Singularity

Charlotte Grimshaw

Singularity
Format
Paperback
Publisher
Random House New Zealand Ltd
Country
New Zealand
Published
1 May 2009
Pages
256
ISBN
9781869791384

Singularity

Charlotte Grimshaw

Charlotte Grimshaw’s collection of interlinked stories, Opportunity, was shortlisted for the 2007 Frank O'Connor International Prize, and won New Zealand’s premier award for fiction, the 2008 Montana Book Award. She has described Opportunity as a single, unified composition, less a series of stories than a novel with a large cast of characters. In Singularity, her powerful new collection, she has continued to develop the structure she explored in Opportunity. Characters from that book reappear, and new characters are added. The stories in Singularity cover a wide range of territory, from childhood innocence to adult desperation, from the depths of poverty to cushioned affluence, from London to Los Angeles, Ayers Rock in Australia to the black sand beaches of New Zealand’s wild west coast. The stories can be read as discrete pieces, yet each contributes to a unifying narrative. Richly detailed, vivid with local colour, each story is an inspection of human motive and of the complex ties that bind five principal characters together.

Review

Here in Australia, we are often slow to discover great New Zealand authors.(Think: Lloyd Jones, Emily Perkins.) Perhaps our Pacific neighbours are too close to be exotic, but too far to exert the lure of the familiar. Charlotte Grimshaw has been up for (and winning) the top awards in her native New Zealand for years; this year Singularity was shortlisted for the Commonwealth Prize. These interlinked stories are masterful and evocative; their subject matter spanning death, loss, isolation, revenge, and family ties.

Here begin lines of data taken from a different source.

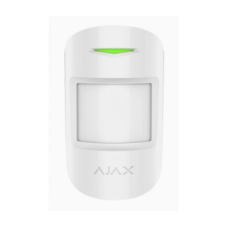 Беспроводной датчик движения и разбития стекла Ajax CombiProtect (белый).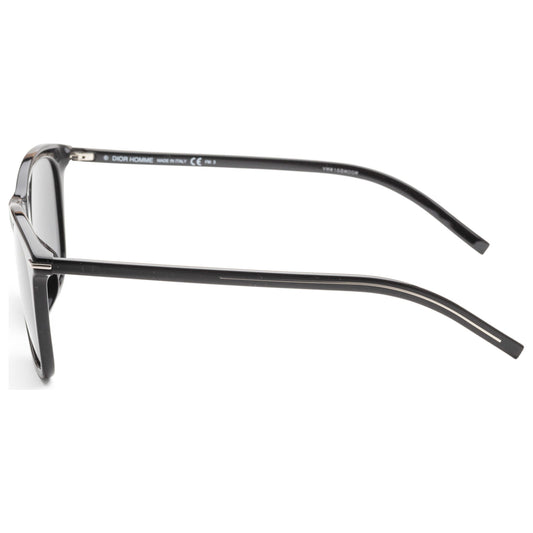 Left view of Christian Dior Homme Black Tie Men's Sunglasses BLACK268FS-0807-IR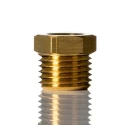 Norgren Metric Brass Tubing Nut for KQ2 Fittings Series 18, RoHS Compliant 180010500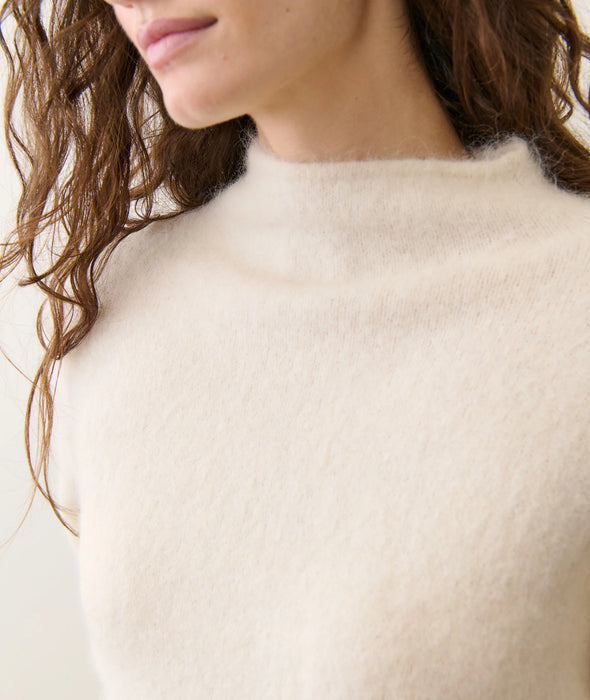 Suri Alpaca Mock Neck Sweater
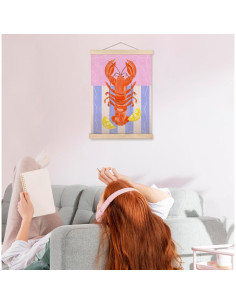 Arte de Pared Langosta de Playa SPBL&L 30x40 cm Lienzo 2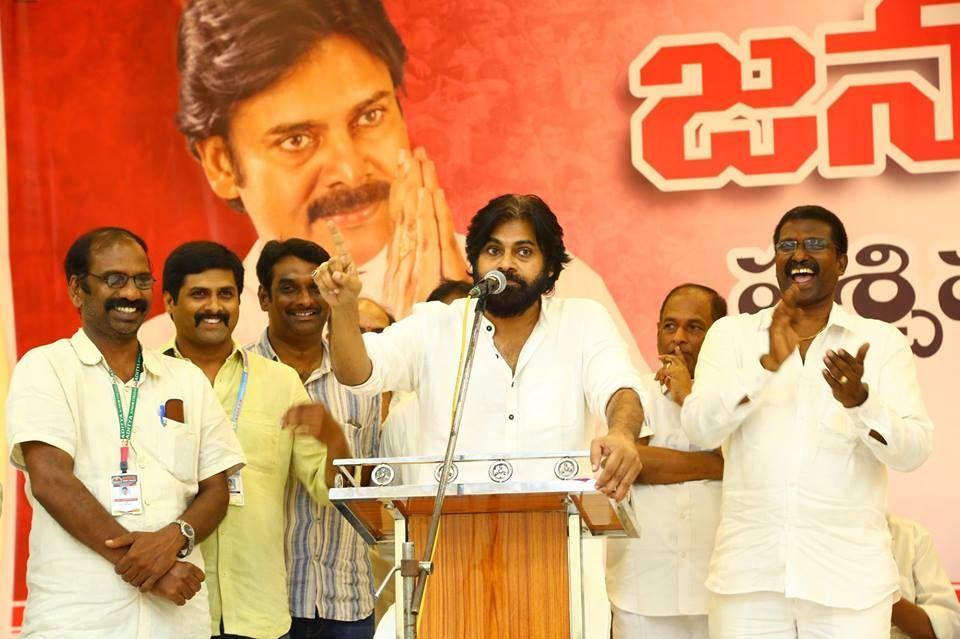 JanaSena Chief Pawan Kalyan Meeting with Lecturers & Chamber of Commerce Members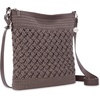 image:imageThe Sak Lucia Crossbody Bag in Crochet Convertible Purse with Adjustable Shoulder StrapMushroom Cozy Weave
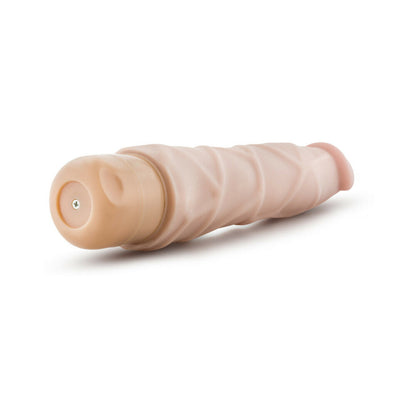 DR. SKIN VIBE 1 REALISTIC 9 IN. VIBRATING DILDO BEIGE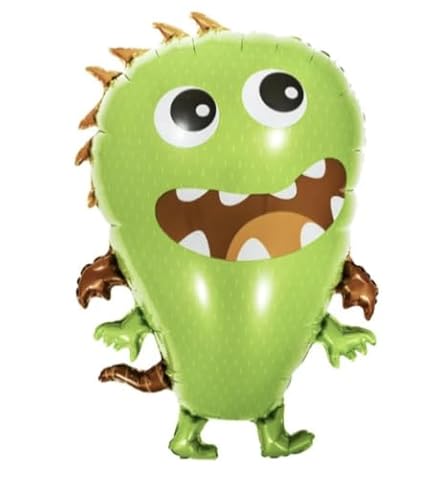 Grüner Monster-Folienballon 62x45 cm - Monsterparty - Mottoparty - Kindergeburtstag - Monster Grüner Monster-Folienballon 62x45 cm - Monsterparty - Mottoparty - Kindergeburtstag - Monster von Generisch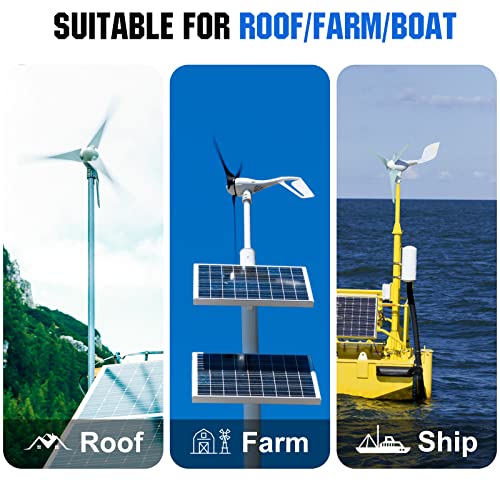 ECO-WORTHY 500W, 600W, 800W, 1000W, 1200W Solar Wind Power Complete Kit System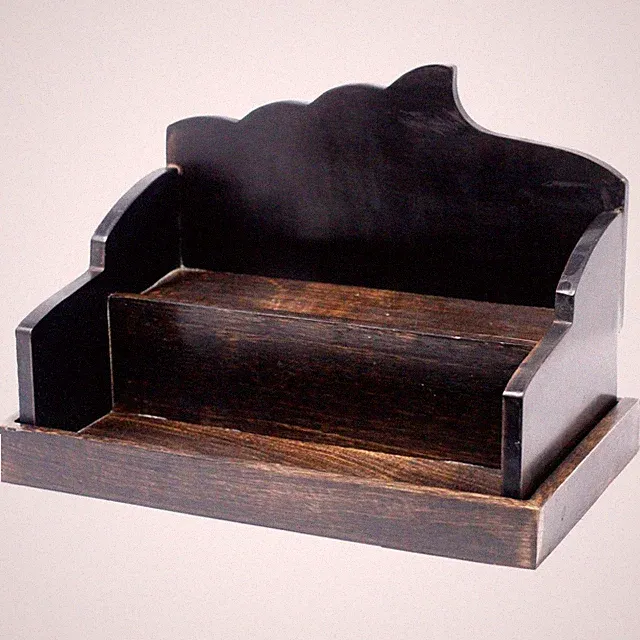 Holzkiste Schlüssel Schmuck Mangoholz 22×35×24 cm Displayständer Kästchen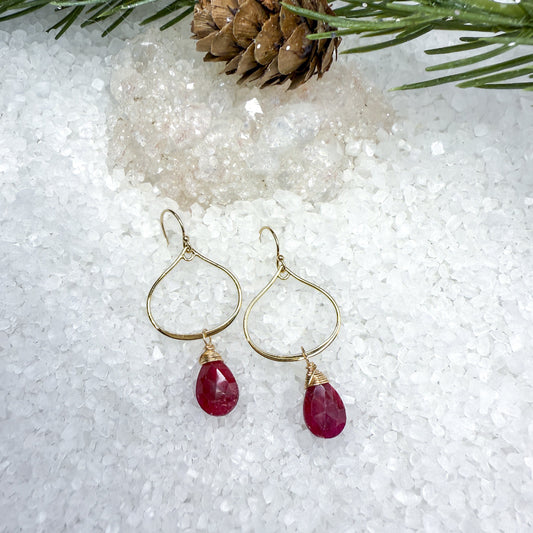 Ruby Teardrop earrings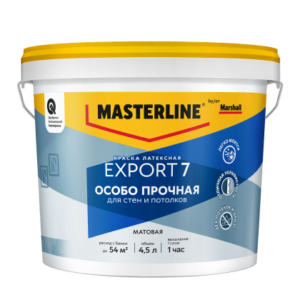Краска Masterline Export 7 мат латексная BC 4,5л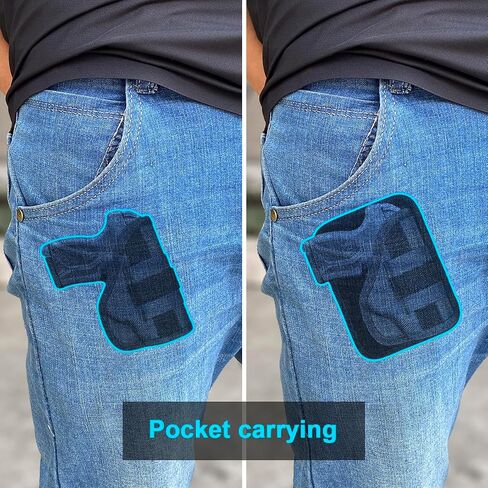 IWB Nylon Gun Holsters for Small Pistols : LCP380, LCPMAX, LCP2, S&W Bodyguard 2.0, BODGUARD 380, SIG P238, P938, Beretta Pico, Kahr P380, Kel-Tec P3AT etc in Kuwait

In ‘Opportunity’, an undercover cop working a rural drug ring courts danger in more ways than one. In ‘Parahara’, two siblings, aged ten and seven, take a five-year-old on a remote bushwalk. When they take a wrong turn, they are plunged into a frightening unknown, as are the two sets of parents awaiting their return. Grimshaw brilliantly brews an atmosphere of beautiful menace; a landscape threatening in its very ambivalence to human life. And so alien: intense heat, black sand dunes, cabbage trees ‘sharp as knives’.

Grimshaw is good at disquiet, at precarious relationships and situations; at mirroring the isolation of her characters with equally stark – and beautiful – landscapes. These are brilliantly carved, utterly gripping stories, with intriguing, complex characters. Well worth discovering!